* _Exercise instructions_: Send back the data below exactly. Drop every picture.

* _The input_:
- Opening Delimiter -

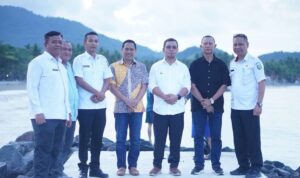 Terima Kunjungan Wali Kota Kotamobagu, Sirajudin Lasena Promosikan Objek Wisata Kebanggaan Masyarakat Boltara.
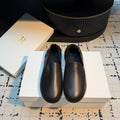 THE ROW 26S LOAFERS IN DARK BROWN CALFSKIN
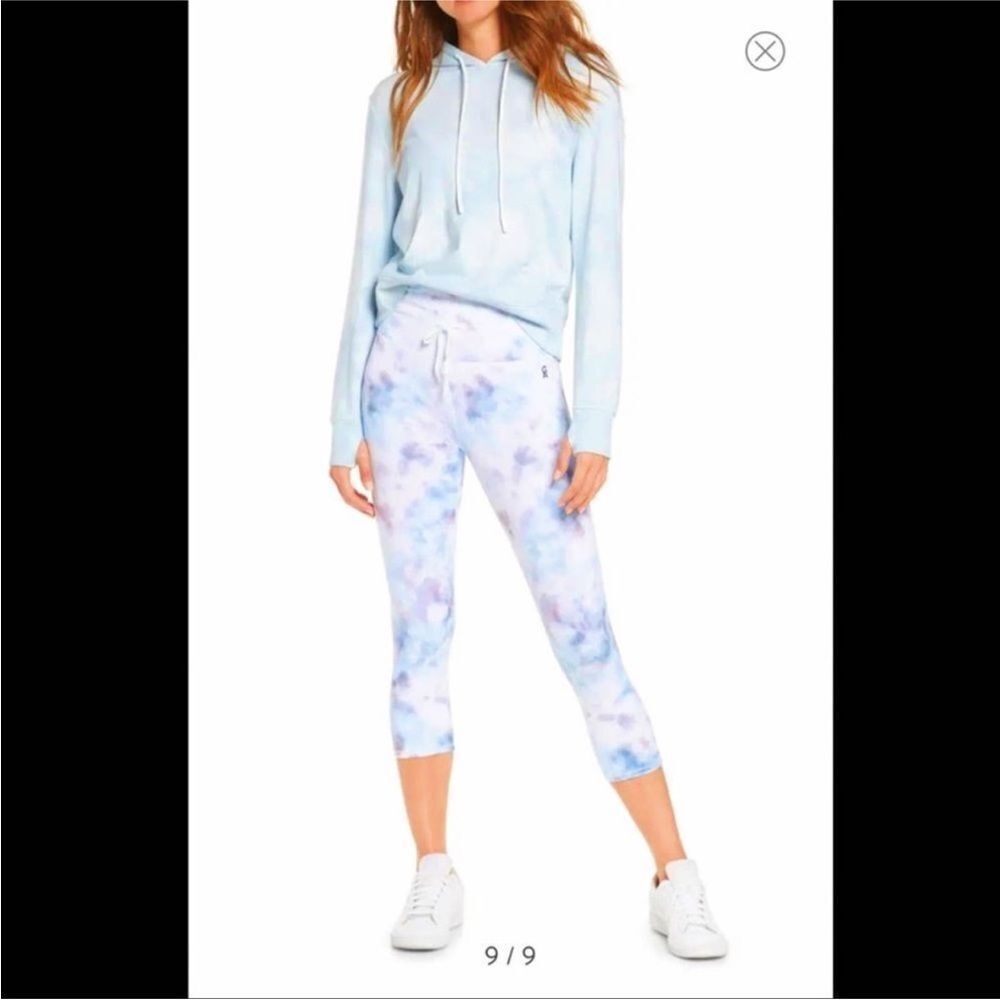 NWOT Good American Tie Dye Cropped Leggings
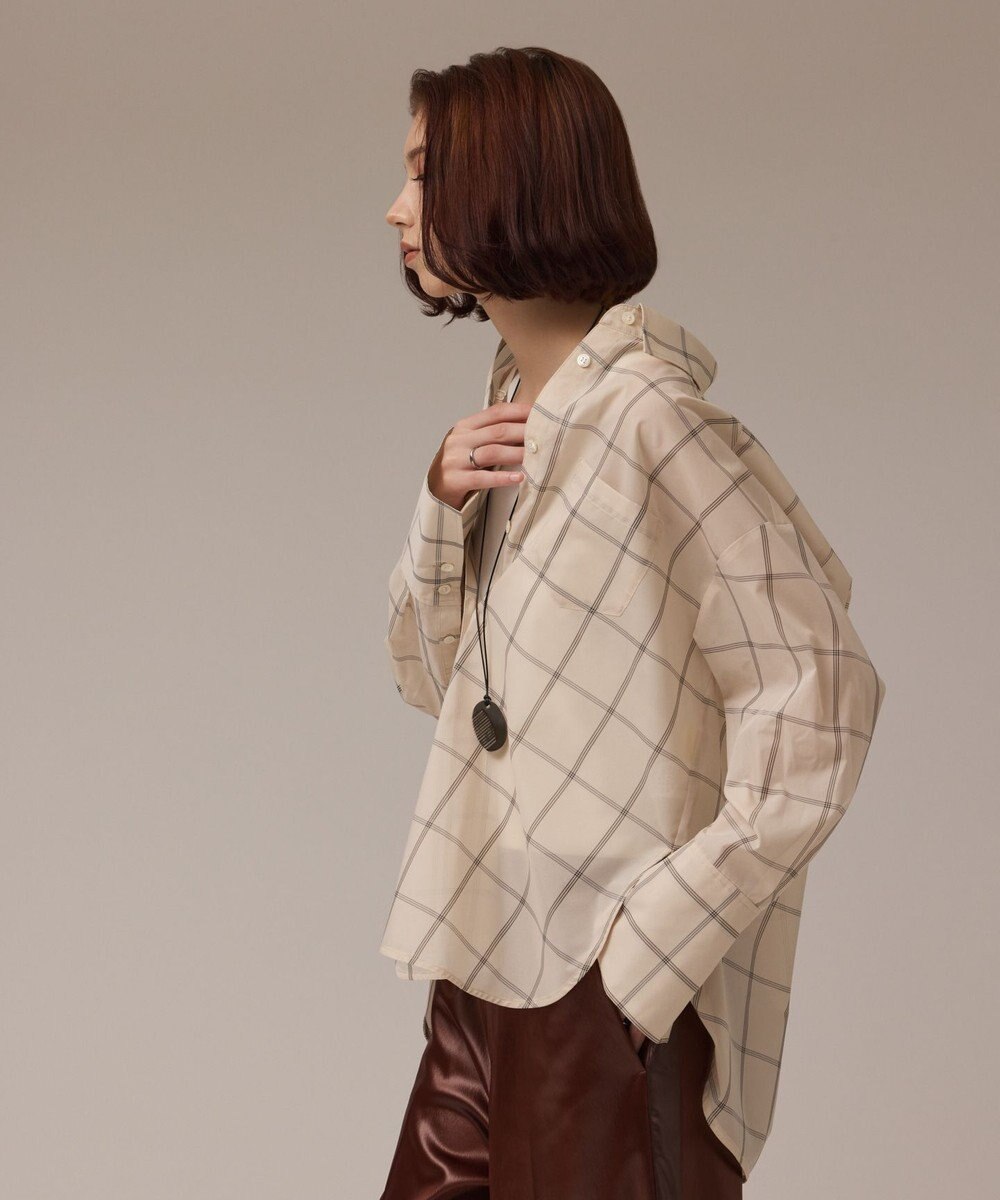 GRACE CONTINENTAL オーガン2WAYシャツ 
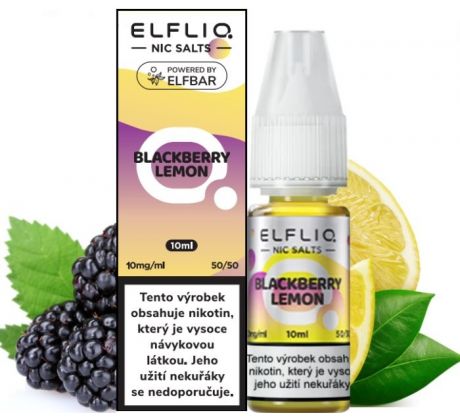 Liquid ELFLIQ Nic SALT Blackberry Lemon 10ml - 10mg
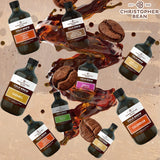 Christopher Bean Hand Crafted French Roast Flavored Coffee - Unsweetened Cold Brew & Iced Instant Coffee Distillate Liquid Java - Vanilla Coffee Beans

- Closing Delimiter -

* _Solution to this task_:
 Terima Kunjungan Wali Kota Kotamobagu, Sirajudin Lasena Promosikan Objek Wisata Kebanggaan Masyarakat Boltara.
 THE ROW 26S LOAFERS IN DARK BROWN CALFSKIN
 NWOT Good American Tie Dye Cropped Leggings
 GRACE CONTINENTAL オーガン2WAYシャツ 
 Liquid ELFLIQ Nic SALT Blackberry Lemon 10ml - 10mg
 Christopher Bean Hand Crafted French Roast Flavored Coffee - Unsweetened Cold Brew & Iced Instant Coffee Distillate Liquid Java - Vanilla Coffee Beans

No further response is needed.